▽
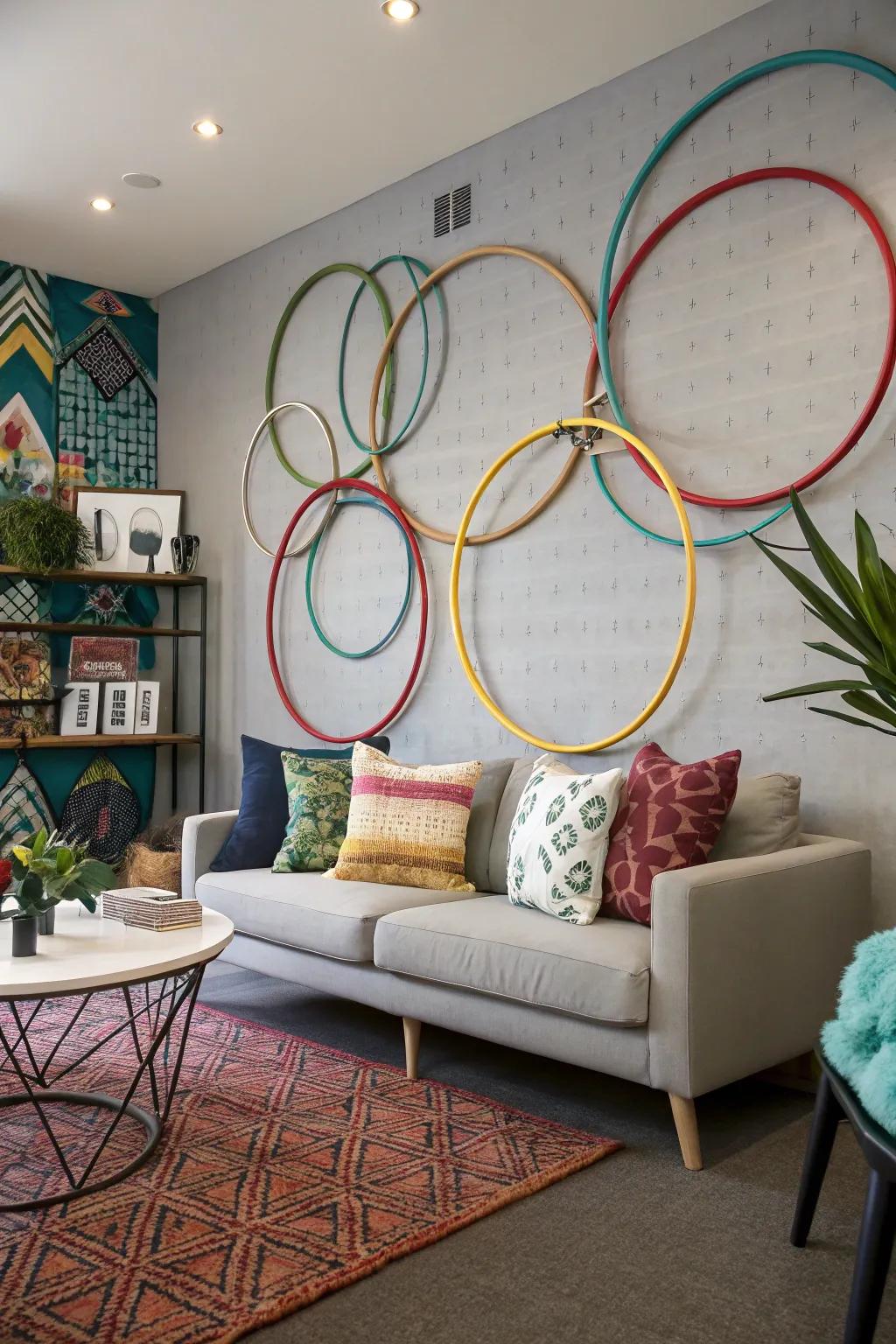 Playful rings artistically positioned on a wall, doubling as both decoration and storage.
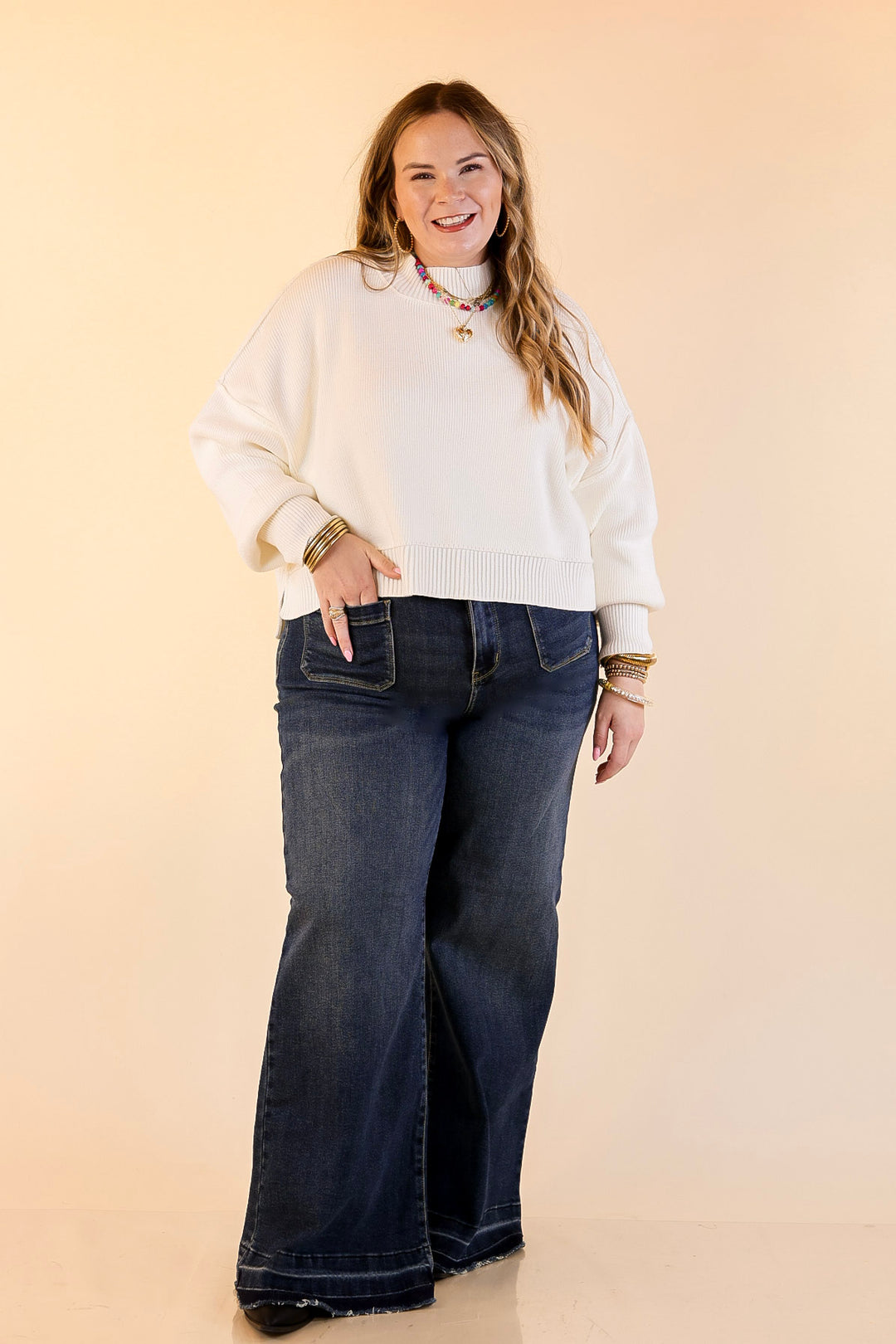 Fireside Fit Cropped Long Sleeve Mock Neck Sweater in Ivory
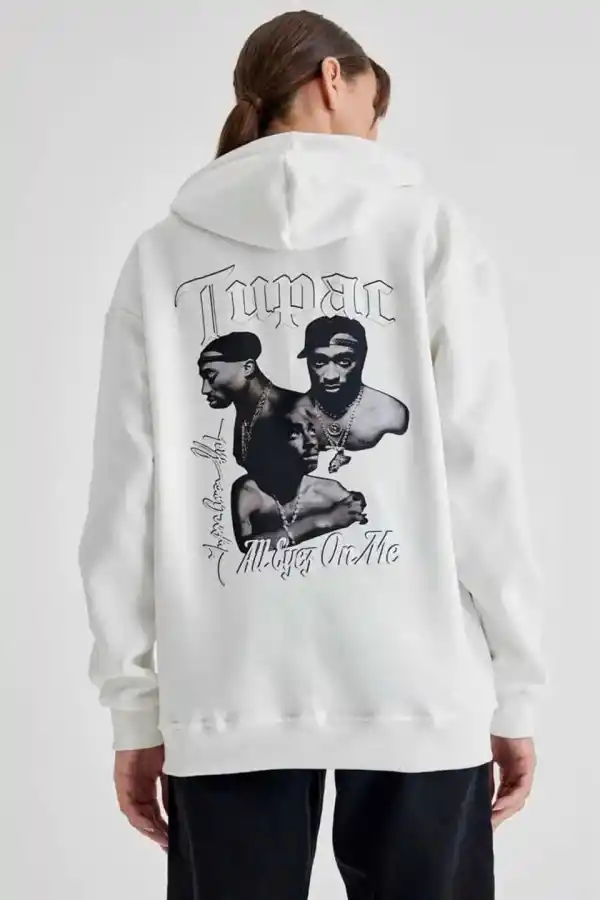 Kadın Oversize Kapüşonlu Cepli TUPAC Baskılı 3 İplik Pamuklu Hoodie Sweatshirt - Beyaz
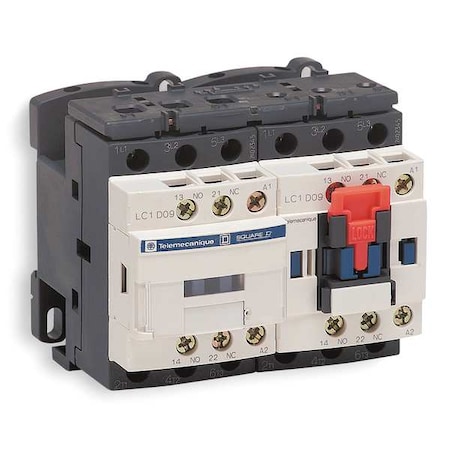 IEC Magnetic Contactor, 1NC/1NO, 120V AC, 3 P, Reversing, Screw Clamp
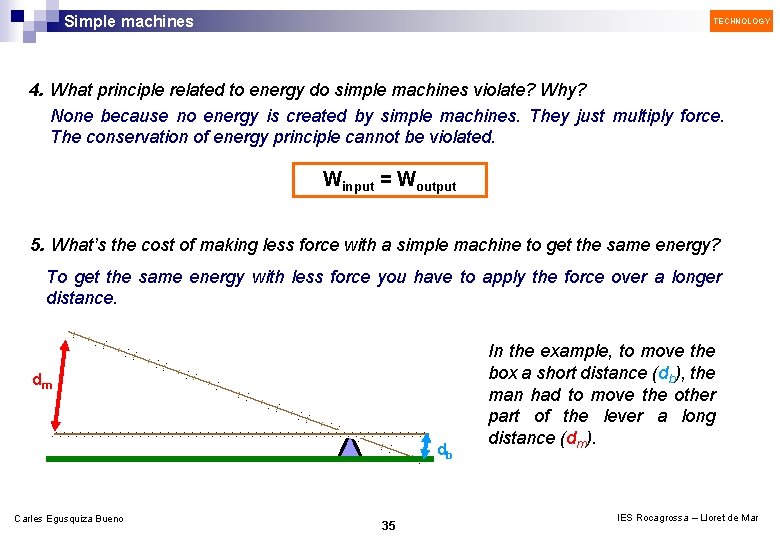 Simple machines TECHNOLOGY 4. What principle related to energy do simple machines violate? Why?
△
Task to carry out:
Reproduce all of the entries exactly as they appear, though any picture they include must be omitted.

Answer to this exercise:
 Playful rings artistically positioned on a wall, doubling as both decoration and storage.
 Fireside Fit Cropped Long Sleeve Mock Neck Sweater in Ivory
 Kadın Oversize Kapüşonlu Cepli TUPAC Baskılı 3 İplik Pamuklu Hoodie Sweatshirt - Beyaz
 IEC Magnetic Contactor, 1NC/1NO, 120V AC, 3 P, Reversing, Screw Clamp
 Simple machines TECHNOLOGY 4. What principle related to energy do simple machines violate? Why?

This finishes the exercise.